By this point in the discussion, it was clear that being against abortion was anti-Semitic because abortion was a “fundamental Jewish value.” Jews didn’t have to explain why the fetus didn’t deserve the protection of the law. All someone like Ziegler had to do to win the argument was declare “I’m Jewish,” and if that didn’t succeed in cowing the opposition, he could go on to invoke the Holocaust. This meant that anyone who disagreed with Ziegler was an anti-Semite because “The language we use to articulate our arguments matters and has serious implications. If we tolerate antisemitic rhetoric, even when it’s not clearly antisemitic, it normalizes those behaviors and spurs prejudiced attitudes towards Jews.”
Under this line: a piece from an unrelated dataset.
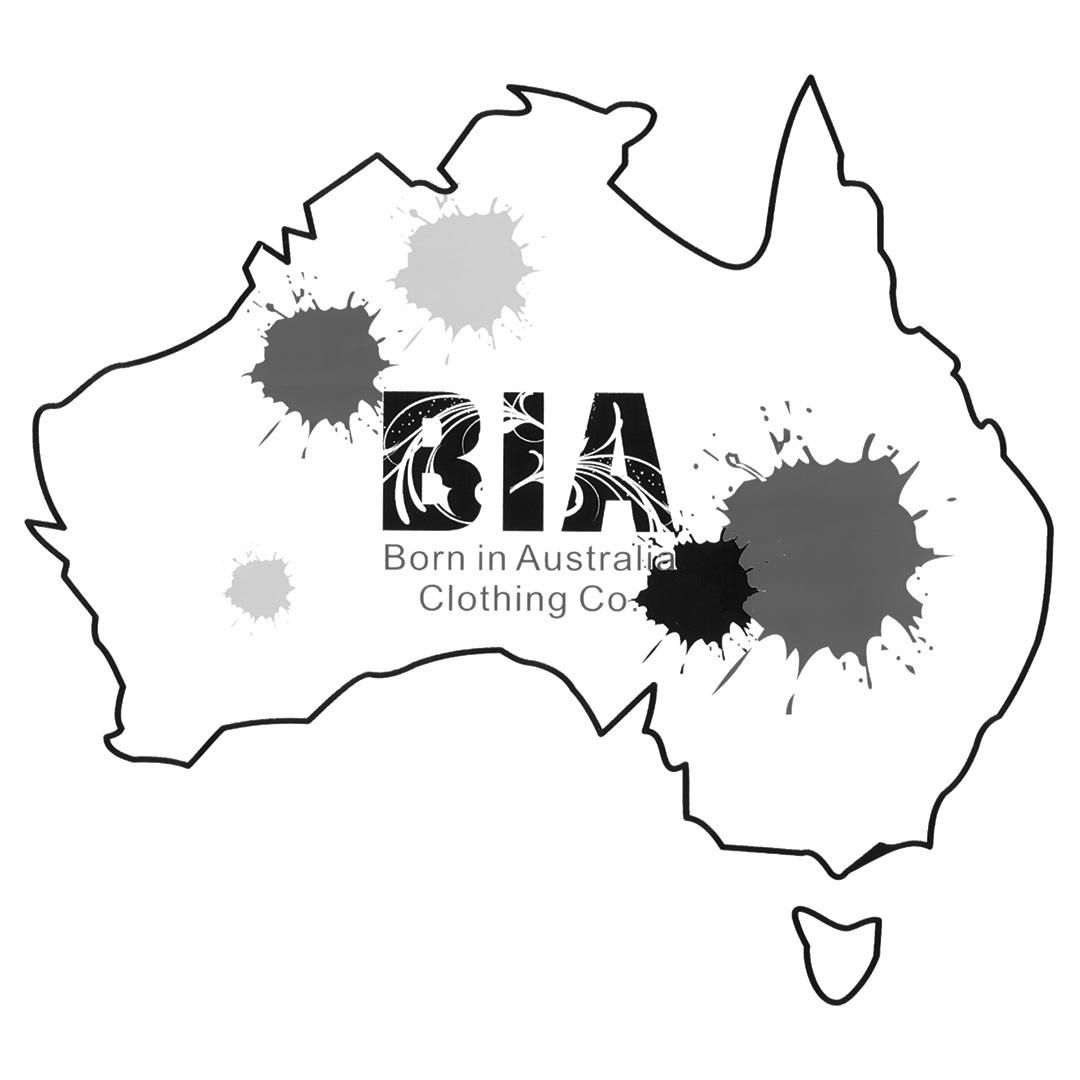 BIA Clothing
On November 16, 2022, the debate escalated again when The Observer published a letter to the editor entitled “Hate has no place here” demanding that the College Republicans be punished for opposing abortion, which was now portrayed as a “display of racist, transphobic, and antisemitic rhetoric.” Opposing abortion at what called itself a Catholic university was now portrayed as the promotion of “hateful sentiment on Notre Dame’s campus,” and the woke vigilantes who supported Ziegler were determined to hold “those who perpetrate it accountable.” By that they meant, “we want the Notre Dame administration to formally condemn the dangerous rhetoric promoted by College Republicans and commit to requiring comprehensive anti-bias training for student club officers.” It was difficult to tell whether this “anti-bias training” applied to College Democrats as well or just College Republicans.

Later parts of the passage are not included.